One thing that I enforce is a “Wellness Day” in which my team members are allowed to take one day off each month to do whatever wellness means to them. It could be spending time with family, going out for a massage, or taking a long bike ride. I must advise against changing the name because it diminishes the intent of the day. Don’t be afraid to stand up for whole-person development.

POSITIVE PSYCHOLOGY AND FINDING YOUR FLOW STATE
Positive psychology focuses on enhancing the individual or community through all aspects of life, and it aligns with some of the examples we have discussed. Within positive psychology, a flow state is the feeling when you are in the zone and performing at your highest level. You are fully focused and immersed only in the present. It feels like nothing else is going on except for what you are doing at that moment. It’s our highest performing state. We all would love to be in a constant state of flow, but that’s not practical nor sustainable. Top athletes and performers only spend a fraction of their time in flow state because of several factors, including the difficulty of achieving flow. Figure 2 provides a graphical representation of the challenges and skills that must be balanced for cybersecurity professionals to achieve flow.
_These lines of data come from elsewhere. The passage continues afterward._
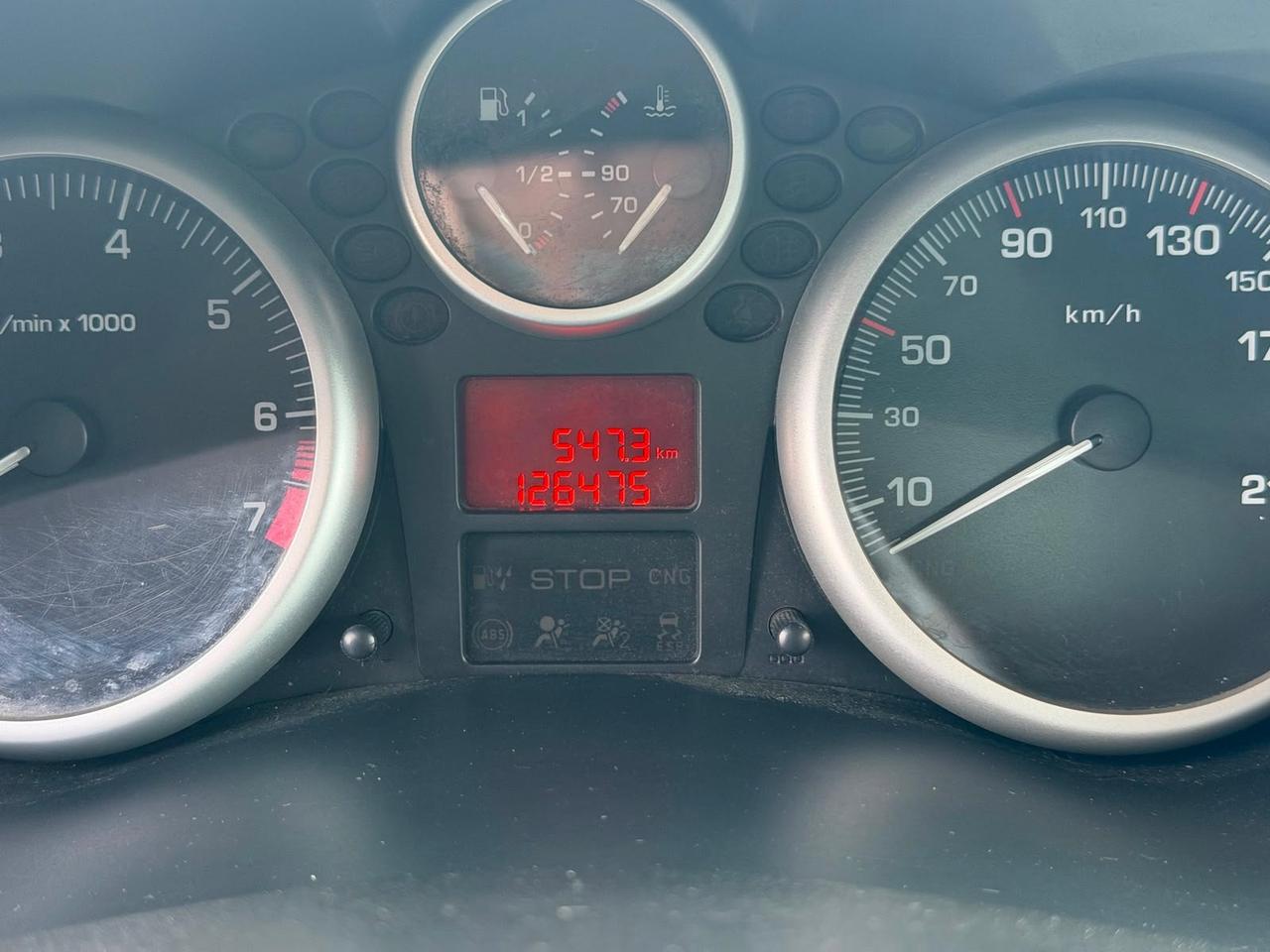 Peugeot 206 Plus 126000 KM
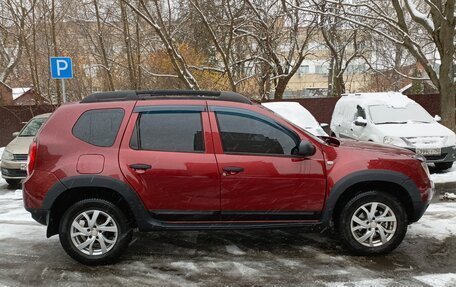 Renault Duster I рестайлинг, 2013 год, 1 100 000 рублей, 5 фотография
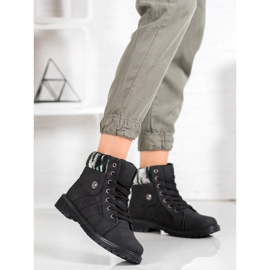 Trapper MCKEYLOR alla moda nero 2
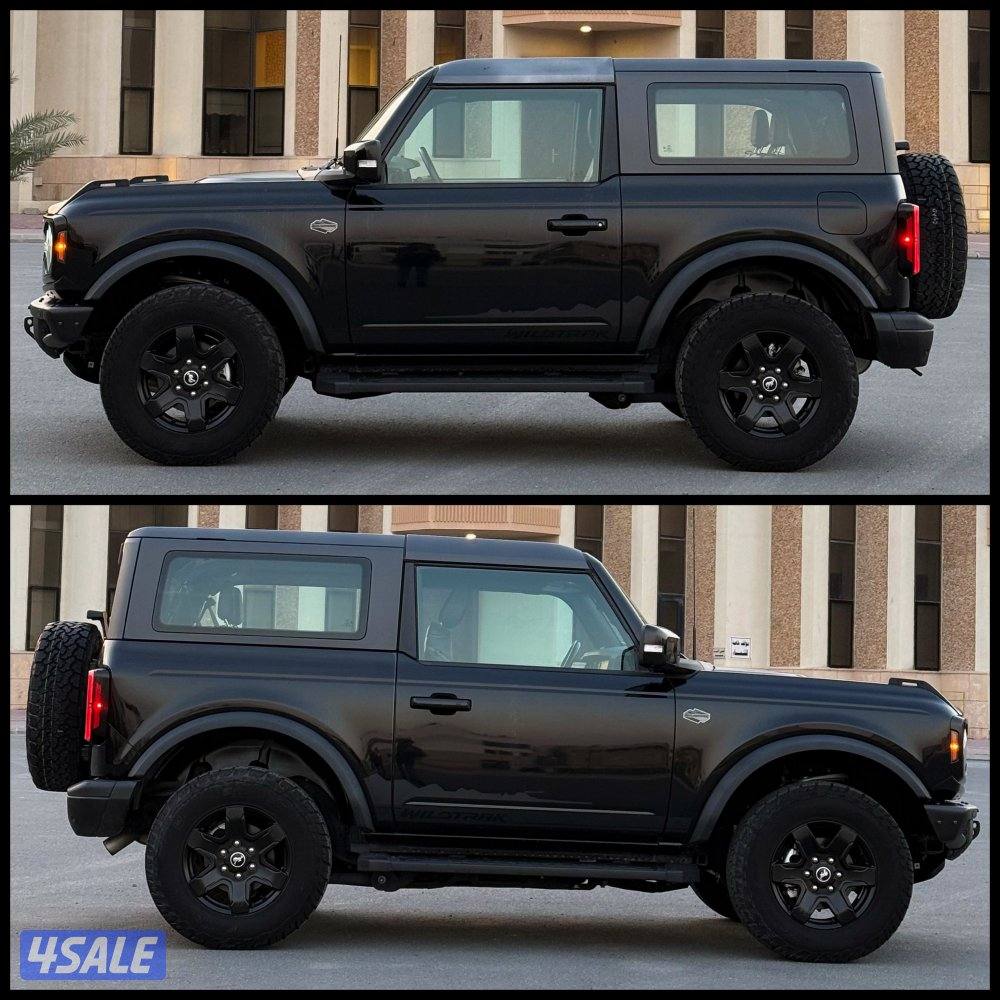 وايلد تراك 6 سلندر تحت الكفالة6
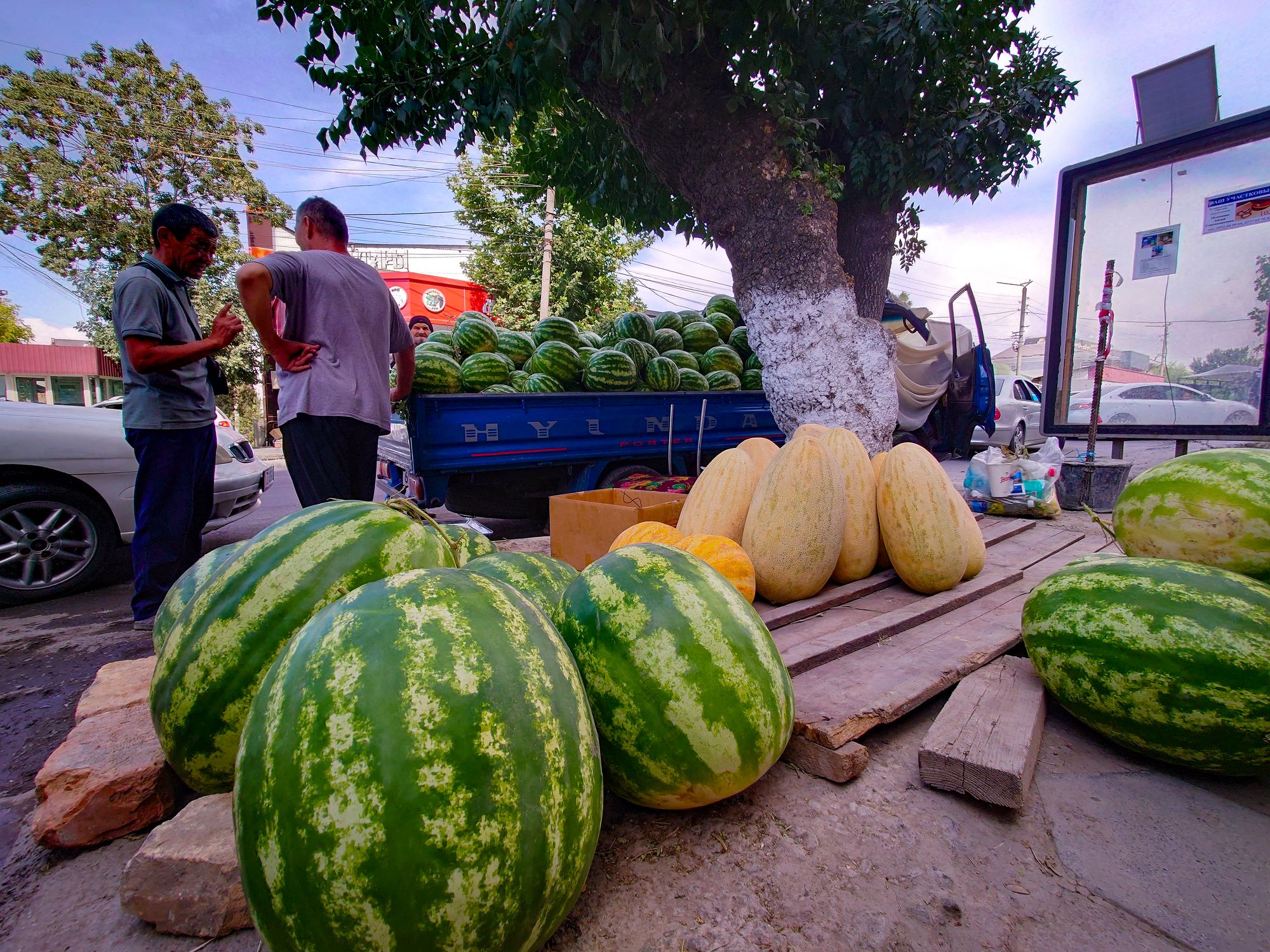 Džigitai Kirgizijoje. Iki Lenino viršukalnės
To help promote flow for yourself and your security teams, it is beneficial to:

• Have and delineate concrete goals.
• Pursue activities, projects and jobs that you enjoy.
• Ensure that work is appropriately challenging and based on skill.
• Give yourself and your security team the opportunity to fight through challenges and develop. 

WHAT NEEDS TO BE ‘STRESSED’
If you are in a leadership position or have direct reports, challenge yourself to promote an environment of high trust, focus on relationships instead of solely being task-driven, and develop teams that consider everyone’s well-being before, during and after a stressful event, or series of them.

We are certainly faced with a workforce shortage that naturally induces stress. Add in unique events like the anxiety-inducing pandemic we’re all living (and working) through, and it’s no surprise stress levels are at an all-time high.

Like a fixer-upper home, sometimes the best results come from refining and improving an existing structure, rather than just tearing it down and starting from scratch. Build on what you have, within your teams and within yourself. Personally challenge yourself to develop more than just your trade craft. Push to improve physically and mentally. The benefits of whole-person development are significant and will bring out the best in you and your teams, while contributing to your well-being. 

MICHAEL HANNA, CISSP, is a member of the U.S. military. The views expressed here are solely those of the author, and do not necessarily reflect those of the Department of the Navy, Department of Defense or the United States government.